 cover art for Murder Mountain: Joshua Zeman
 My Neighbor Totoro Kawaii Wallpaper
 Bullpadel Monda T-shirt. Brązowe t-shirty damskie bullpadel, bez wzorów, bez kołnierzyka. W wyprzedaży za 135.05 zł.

==

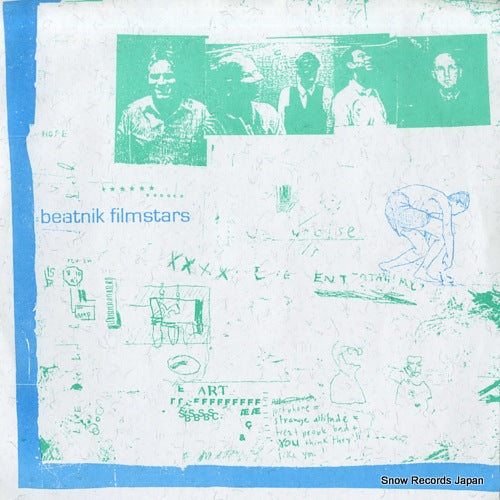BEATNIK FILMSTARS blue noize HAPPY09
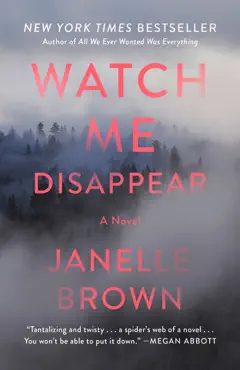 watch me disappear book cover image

==

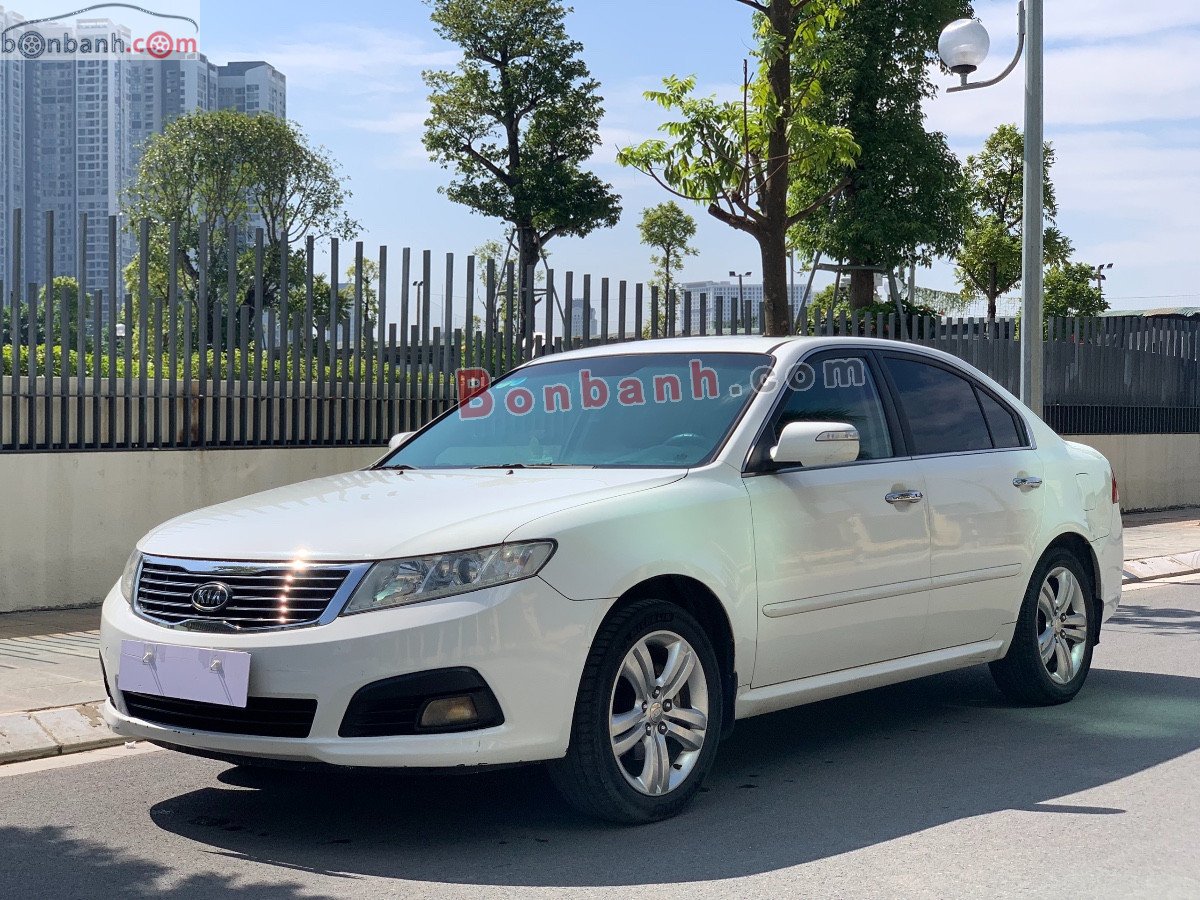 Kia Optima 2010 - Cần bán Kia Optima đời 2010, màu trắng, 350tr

**TASK**
Reproducing the whole listing above is not the task. Copy exactly only the lines from the one with "cover art for Murder Mountain: Joshua Zeman" to the one with "Bullpadel Monda T-shirt.", both kept.

**SOLUTION FOR THIS TASK**
 cover art for Murder Mountain: Joshua Zeman
 My Neighbor Totoro Kawaii Wallpaper
 Bullpadel Monda T-shirt. Brązowe t-shirty damskie bullpadel, bez wzorów, bez kołnierzyka. W wyprzedaży za 135.05 zł.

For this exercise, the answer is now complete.